3. Lack of Recurring Revenue Understanding

The Challenge:

Recurring revenue is foreign to many OEMs. Hardware is sold once; SaaS is billed monthly or annually. Recurring models require different forecasting, KPIs (ARR, churn, CAC), and customer success structures. Many manufacturers default to one-time license fees, undermining the SaaS model.

This creates internal friction: finance teams may dislike the uncertainty of Annual Recurring Revenue (ARR), sales reps may prefer big one-off bonuses, and leadership can struggle to explain SaaS to boards accustomed to hardware cycles.

The Solution:

  • Start with hybrid pricing models: bundle 1–2 years of software into hardware deals, then convert to recurring renewals.
  • Educate leadership and finance teams on SaaS KPIs: ARR, churn, and LTV/CAC ratios (Lifetime Value to Customer Acquisition Cost).
  • Create a dedicated Customer Success function to own renewals and adoption, this is critical for recurring revenue.
  • Use ROI calculators with customers to justify ongoing spend (e.g., one prevented compliance failure = €100,000+ saved).

4. Product-Market Fit Blind Spots

The Challenge:

Equipment OEMs often launch digital products without deep validation. Features are built based on engineering assumptions rather than the needs of lab managers. The result: tools that sound good on paper but add little daily value.

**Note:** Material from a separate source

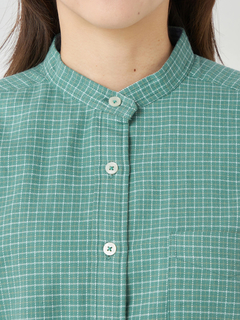 McGREGOR(マックレガー) |ビエラチェックバンドカラーシャツ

Example: One manufacturer developed a complex dashboard for cabinet airflow analytics. Engineers were proud of it. Scientists? They just wanted a simple compliance log they could show auditors. Adoption failed.

The Solution:

  • Build Ideal Customer Profile (ICP) maps: clearly define who exactly uses the software (lab managers, QA officers, HSE managers).
  • Run usability tests and gather feedback before scaling.
  • Align digital features with compliance and efficiency outcomes, not just “cool data.”

5. Ecosystem Blind Spots

The Challenge:

Labs rarely use one vendor’s full ecosystem. They mix equipment, ELNs, LIMS, and building systems. If your software doesn’t integrate, it creates silos. Yet, many OEMs avoid partnerships, hoping to lock customers into proprietary ecosystems.

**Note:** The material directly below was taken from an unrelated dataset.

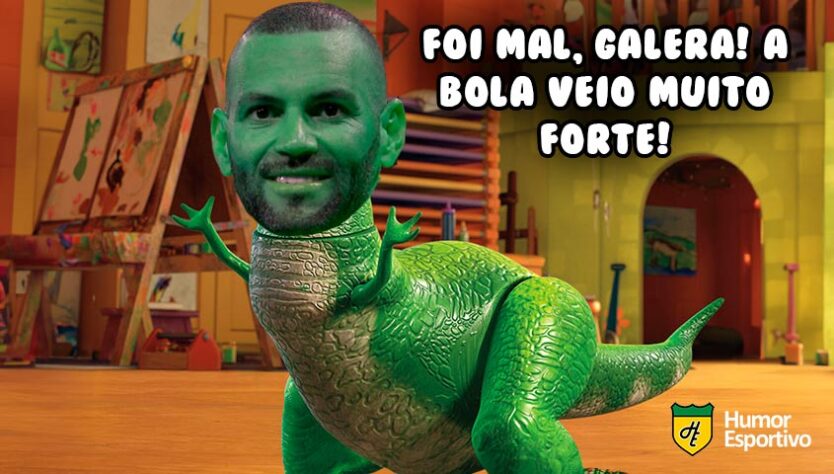 Dérbi teve Cássio expulso, Gustavo Henrique como goleiro e falha decisiva de Weverton nos minutos finais. Final inesperado do clássico foi prato cheio para memes dos torcedores nas redes sociais. Veja a seguir! (Por Humor Esportivo)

The result? Customers bypass the OEM’s software and stick to third-party tools that work across brands.

The Solution:

  • Build API-first software: allow connections with popular ELNs (e.g., Benchling, eLabNext), LIMS, and facility systems.
  • Partner with startups that specialize in interoperability.
  • Position yourself as a connector, not a closed system. Labs value flexibility.7

Conclusion: Becoming Digital Partners, Not Just Equipment Suppliers

Pharma and chemistry labs are demanding more than equipment, they want integrated solutions that ensure compliance, improve safety, and streamline workflows.8

For manufacturers, this requires a cultural shift: from slow hardware cycles to agile software sprints, from transactional sales to consultative SaaS adoption, and from one-off revenue to recurring models.

Those who embrace the shift will secure stronger margins, recurring growth, and deeper trust with pharma clients. Those who don’t risk being sidelined by competitors and startups that speak the digital lab’s language.

_________

Sources

  • Grand View Research. "Laboratory Informatics Market Size, Share & Trends Analysis Report, By Product (LIMS, ELN), By Component (Software, Services), By Delivery Mode, By End-use, By Region, And Segment Forecasts, 2024-2030."9 Accessed August 29, 2025.
  • McKinsey & Company. "The top trends in tech." December 11, 2023. This article provides general context for the shift from hardware to software and the rise of digital ecosystems in industrial sectors.
  • MarketsandMarkets. "Lab Automation Market - Global Forecast to 2030." Accessed August 29, 2025.
  • Gartner. General Gartner research on industrial and B2B SaaS trends, which often highlights sales channel challenges as a primary reason for low adoption rates.